In this article we will be discussing the process of tooth decay from beginning to end, starting with:
Plague is the main factor of origin when it comes to tooth decay. Plaque is a sticky film that accumulates on your teeth due to a combination of carbohydrates in the food that you eat and the bacteria that naturally lives in your mouth. Considering this, it should make sense that foods that are higher in carbohydrates (sugary foods and even fruit) are more likely to produce plaque.
Here’s how the process works:
- Food is consumed and broken down into carbohydrates during the chewing process.
- Carbohydrates combine with the bacteria that naturally manifests in your mouth to create an acid.
- The acid then combines with tiny amounts of food left over in your mouth after meals, creating a thick and sticky paste. This is plaque.
The bacteria that causes plaque is fed and maintained by carbohydrates, especially sugars. Poor dental hygiene is also a large factor in the thriving of this bacteria, as it allows it to accumulate without interruption.
The acid that is produced when the bacteria combines with carbohydrates eventually eats away at enamel, a protective layer of the teeth. This process is known as “demineralization”.

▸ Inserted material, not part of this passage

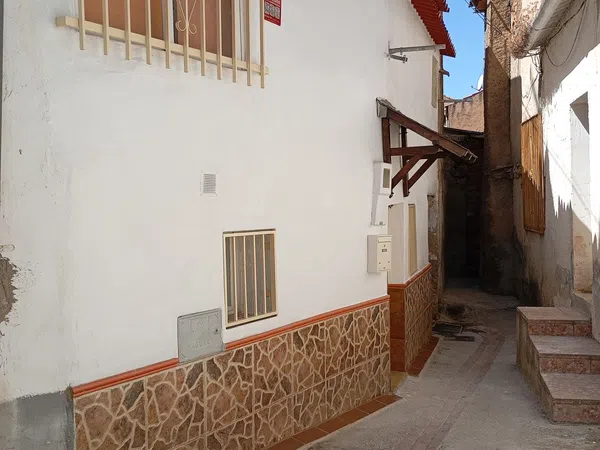 Casa o chalet independiente en Calle La Higuera, 30 - Foto 2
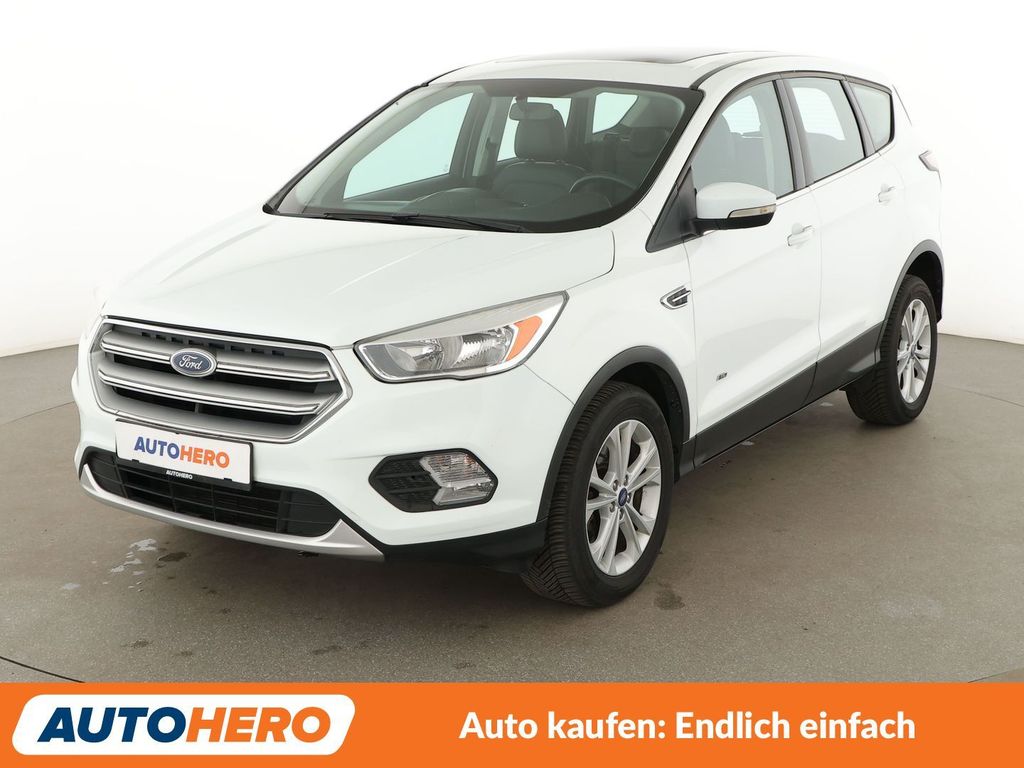 Image of Ford Kuga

While this process is often slow enough to allow the body to replenish the tooth enamel before cavities can occur, certain factors determine that demineralization ultimately wins out, including:
- Genetic factors
- Lack of proper dental hygiene
- High carbohydrate and sugar intake
First Stage Tooth Decay
This is seen as a darkening of certain areas of the tooth. It can also appear as a whitening of certain areas as well, although white spots are often only noticed by your dentist. At these stages, the chances of the decay process being reversed or halted are fairly high.
Eventually, the acid that has formed in your mouth in the form of plaque can completely penetrate through the tooth enamel, resulting in a cavity. This can be a long process, often taking three to four years.

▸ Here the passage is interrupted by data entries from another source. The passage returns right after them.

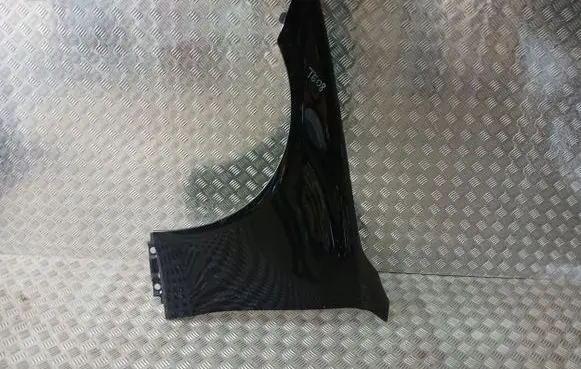 Mercedes-Benz S W223 Fender
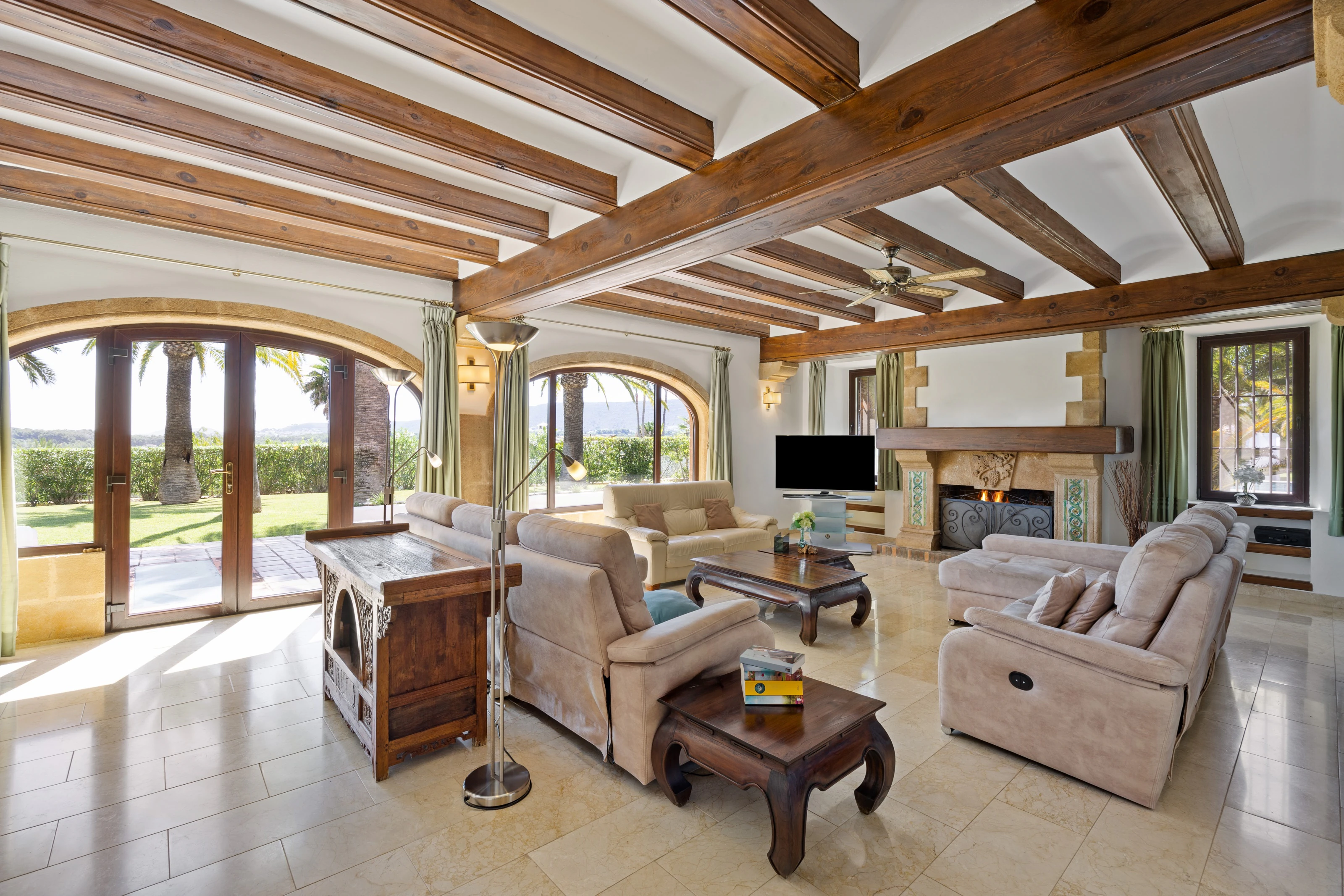Villa for sale in Jávea / Xàbia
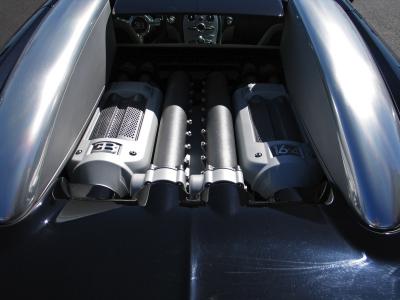 Bugatti Veyron  Ebay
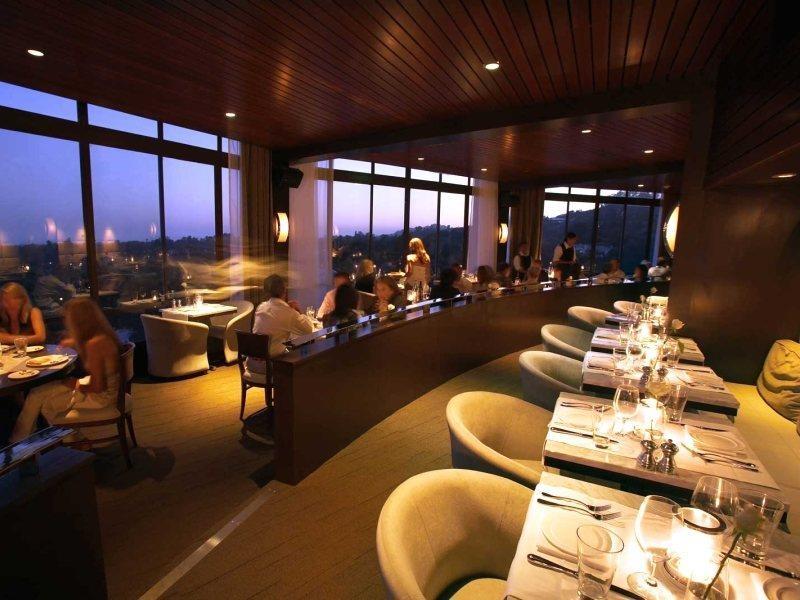 Hotel Angeleno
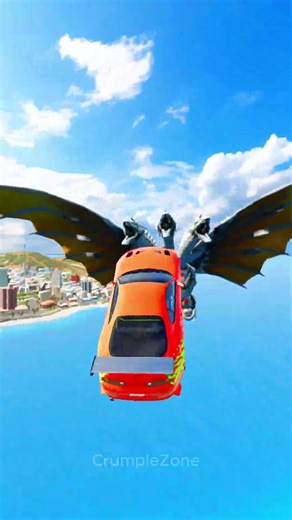 One Try | Supra vs GODZILLA'S RIVAL #toyota #supra #automobile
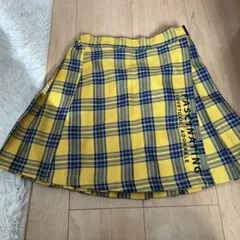 ラブトキシック Lovetoxic   スカートパンツ　　140㎝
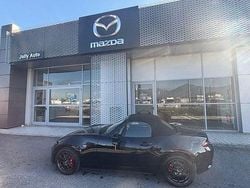 Nero Nuova 2025 Mazda MX5 Homura-Line Cabrio | 34.900 € (Buon prezzo)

Once a cavity has officially formed, it cannot be repaired naturally, but requires professional dental intervention. This is because the living cells of the tooth and the mineral crystals that form the dentin (the dense, bony tissue underneath the tooth enamel) have become vulnerable to cavities.
It is at this point that your tooth will likely begin to ache, as well as become sensitive to hot and cold temperatures, pressure, and sweet foods.
Eventually, cavities will progress deeper and deeper into the tooth, and the decay process will begin to affect the tooth pulp – the soft tissue underneath the dentin. This is an infection known as “pulpitis”.
This is an extremely painful infection, as it causes the tooth pulp to swell, however, the swelling is suppressed by the surrounding dentin, and thus the swollen tissue is focused inward on various blood vessels, squeezing off the blood supply to the pulp. As a result, the pulp dies, resulting in severe pain.
Abscess (and possible systemic disease)
The infection can continue to progress down to the tooth root. At this point, an inflamed pocket called an “abscess” forms, from which the infection can spread to the surrounding gum line. At this point, the infection can enter the bloodstream, which can result in a system wide infection attributed to stroke and heart attack.